Dua minggu sebelum lebaran kemarin sepertinya aku baru saja memegang sebuah handycam untuk melakukan wawancara dengan salah seorang buruh migran yang ada dipringapus, semarang. Wanita itu terlihat masih sangat muda, sangat segar, dan sangat energik. Dibalik penglihatan itu ternyata tersimpan berbagai keluhan tentang dunia perburuhan yang dia alami selama setahun ini, mulai dari target yang berlebihan hingga membutuhkan waktu lembur, lebih ironis lagi ketika dia mengatakan “ya waktu lebur itu ngga’ di bayar mas, lha kan kita ngga’ bisa nyukupi target pas waktu jam kerja, makanya di lembur”, secara keseluruhan pemenuhan hak ekonomi social mereka memang kurang terjamin sebagai seorang buruh, apa lagi beberapa diantara mereka masih berstatus buruh kontrak, bukan sebagi karyawan tetap. Memang sedikit sekali yang mengetahui permasalahan buruh migran seperti ini, termasuk saya.

Ironis memang, ketika kita mendengar cerita-cerita pekerja kita, entah didalam negeri atau di luar negeri. Lebih ironis lagi ketika saya pulang dari Semarang menuju kampung halaman saya di Ponorogo, saya mengetahui seorang wanita belia lulusan SMK yang baru berusia 18 tahun harus rela meninggalkan rumah hanya untuk bekerja menjadi buruh migran konveksi di Bandung. Merelakan untuk tidak mendapatkan pendidikan di perguruan tinggi, lebih tergugah hatinya untuk merelakan kakak tercintanya saja yang kuliah, dia rela menunggu kakaknya selesai mendapatkan gelar sarjananya dulu baru dia mau untuk kuliah, konyolnya kakaknya tidak tau kapan lulus. Dia lebih rela mengubur cita-citanya menjadi perawat, demi kebutuhan kakaknya yang kuliah, demi ibunya yang kuliah sebagai syarat PNS, demi membantu menutupi hutang-hutang keluarga. Kondisinya semakin buruk lagi ketika di rumah kecil tempat tinggalnya, dia harus meninggalkan ibunya hidup sendiri dengan adiknya yang baru duduk di bangku kelas 3 SD.

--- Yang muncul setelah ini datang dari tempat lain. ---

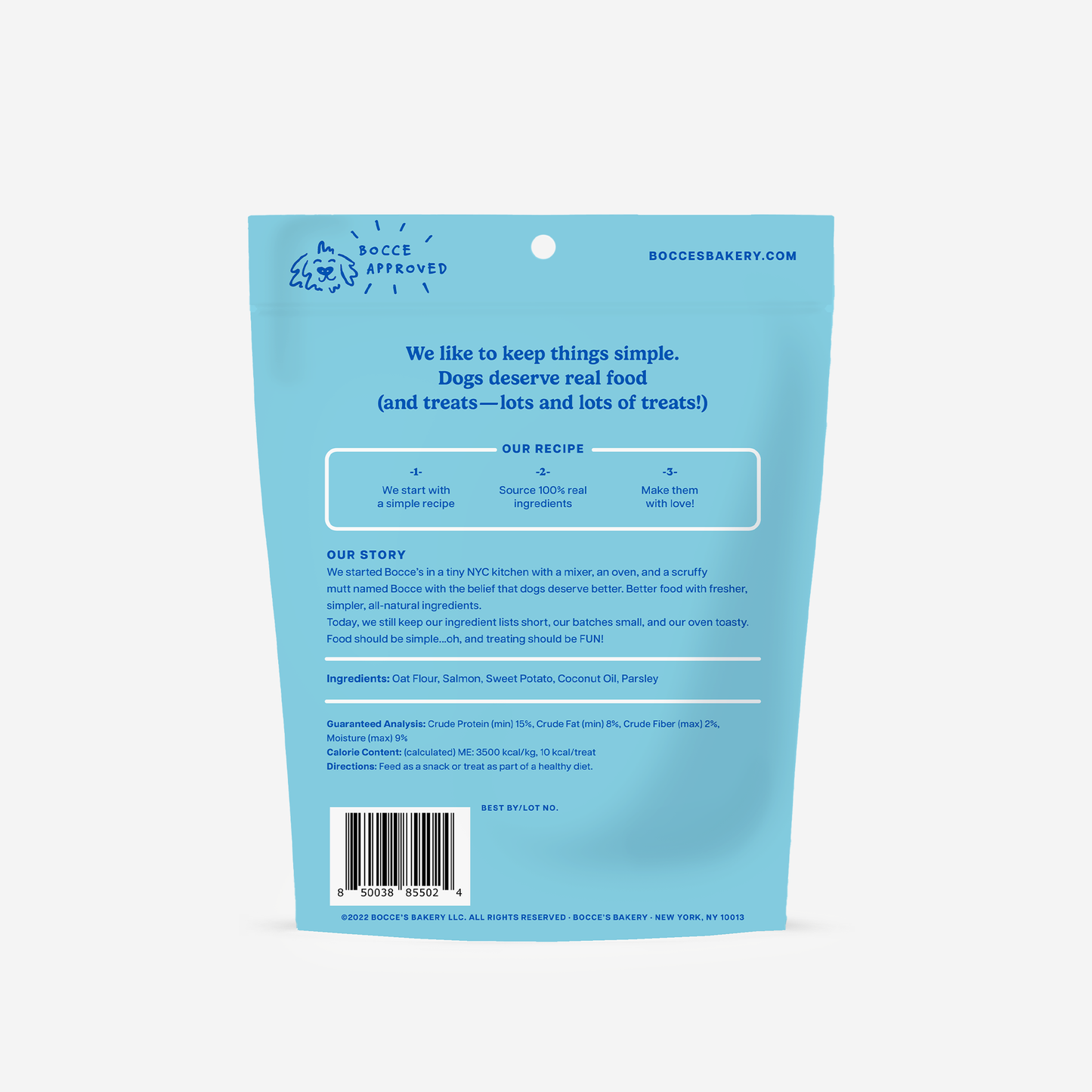 Fish & Chips Biscuits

Dan fakta yang saya dapatkan upah kerja ayah dari gadis belia ini yang juga bekerja di pabrik konveksi di kota bandung, sebenarnya bisa dikatakan tidak mencukupi untuk menghidupi istri dan ketiga anaknya, secara tidak langsung upah hasil jerih payah sang  istri yang berprofesi ganda sebagai guru TK, BPD, dan fasilitator desa dapat menutupi sedikit kekurangan yang ada. Apalagi ketika kakaknya tidak mendapat kiriman untuk kehidupan perkuliahannya di luar kota sana, dengan itu semua keinginan belia ini untuk melanjutkan cita-citanya akan terwujud. Sayangnya semua itu belum terwujud secara maksimal, kakaknya masih saja bergantung pada kiriman orang tuanya.

Semoga semua kondisi itu semakin membaik, semoga belia itu tegar menghadapi kehidupan ini, semoga pula kakaknya mendapatkan perkerjaan tetap sembari melanjutkan kuliahnya, semoga ada cahaya yang menerangi keluarga tersebut, semoga Tuhan memberikan rencana terbaiknya unutk keluarga tersebut, AMIN.